This is the usual way stack based languages work, but I would agree that the manual wording implies (or at least allows) your interpretation.

> -----Original Message-----
> From: lua-bounces@bazar2.conectiva.com.br [mailto:lua-
> bounces@bazar2.conectiva.com.br] On Behalf Of Shmuel Zeigerman
> Sent: 25 June 2009 11:11
> To: Lua list
> Subject: Re: lua_replace finding
> 
> Patrick Donnelly wrote:
> > On Thu, Jun 25, 2009 at 12:39 AM, Shmuel Zeigerman<shmuz@013net.net>
> wrote:
> >> When Lua stack has one element, doing lua_replace(L,1) removes that
> element.
> >> (I'd expect the stack to be left unchanged.)
> [...]
> >
> > The manual is pretty explicit about the top element being removed
> from
> > the stack. I don't see why this should be different for this odd use
> > case.
> 
> Because it seems pretty unintuitive, even if it doesn't contradict with
> the manual. From the common sense point of view, replace "a" with "b"

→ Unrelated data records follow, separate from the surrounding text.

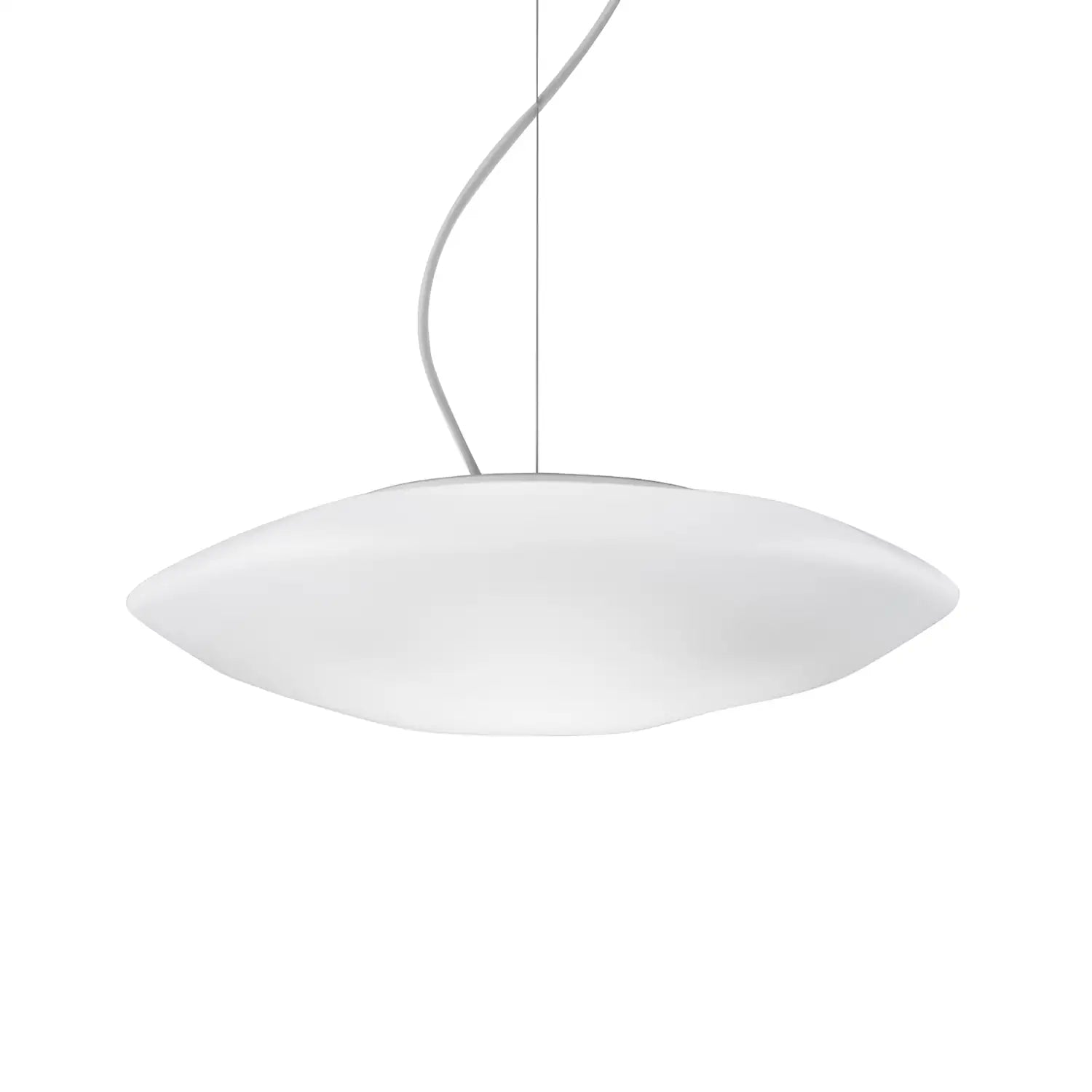 VISTOSI, MODULOR PENDANT, PENDANT LIGHT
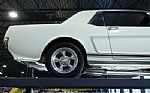 1965 Mustang Thumbnail 68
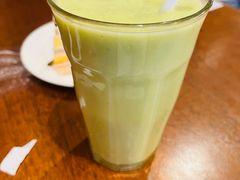 -Simple Yummy简单美味(上邦百汇城店)
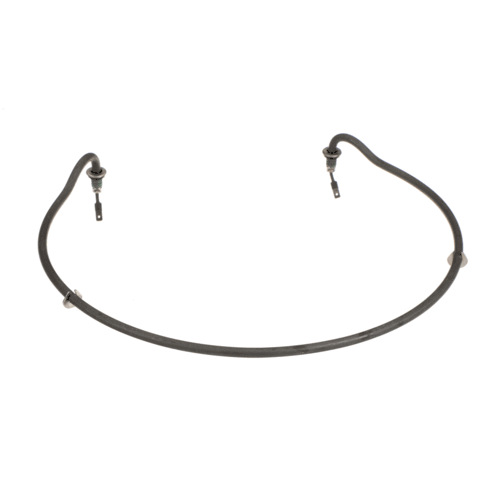 Whirlpool Dishwasher Heating Element - W10703867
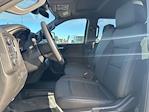 2024 Chevrolet Silverado 2500 Crew Cab 4x4 Monroe Truck Equipment Service Truck for sale #242131 - photo 12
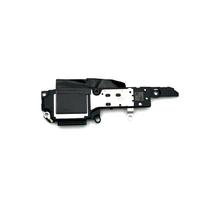 OnePlus Nord CE 2 Lite 5G garsiakalbis (Originalus / Naudotas)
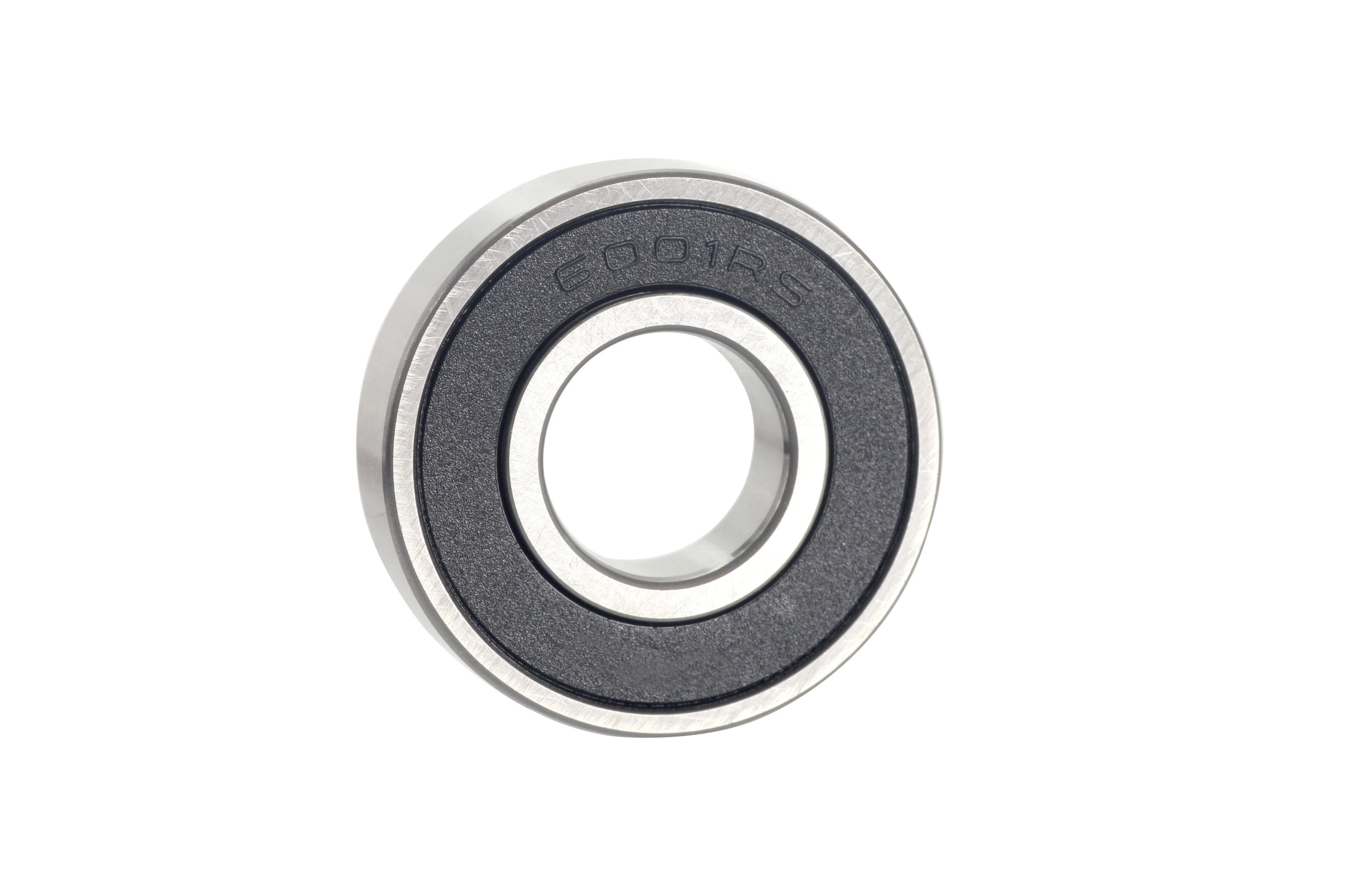 1. Rulment Union CB-075 6001 2RS 12x28x8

> assumes there should be "b" in place of "a", rather then "nothing".
> 
> And, this use case is not so odd. It is like assignment "var1 = var2",
> where var2 can be anything, var1 included.
> 
> Here is the original use case:
>      if (lua_isnoneornil(L, 1)) {
>          lua_createtable(L, 0, 0);
>          lua_replace(L, 1);
>      }
>      luaL_checktype(L, 1, LUA_TTABLE);
> 
> The code above looked straightforward enough, and when it didn't work
> as
> expected, that was a surprise to me.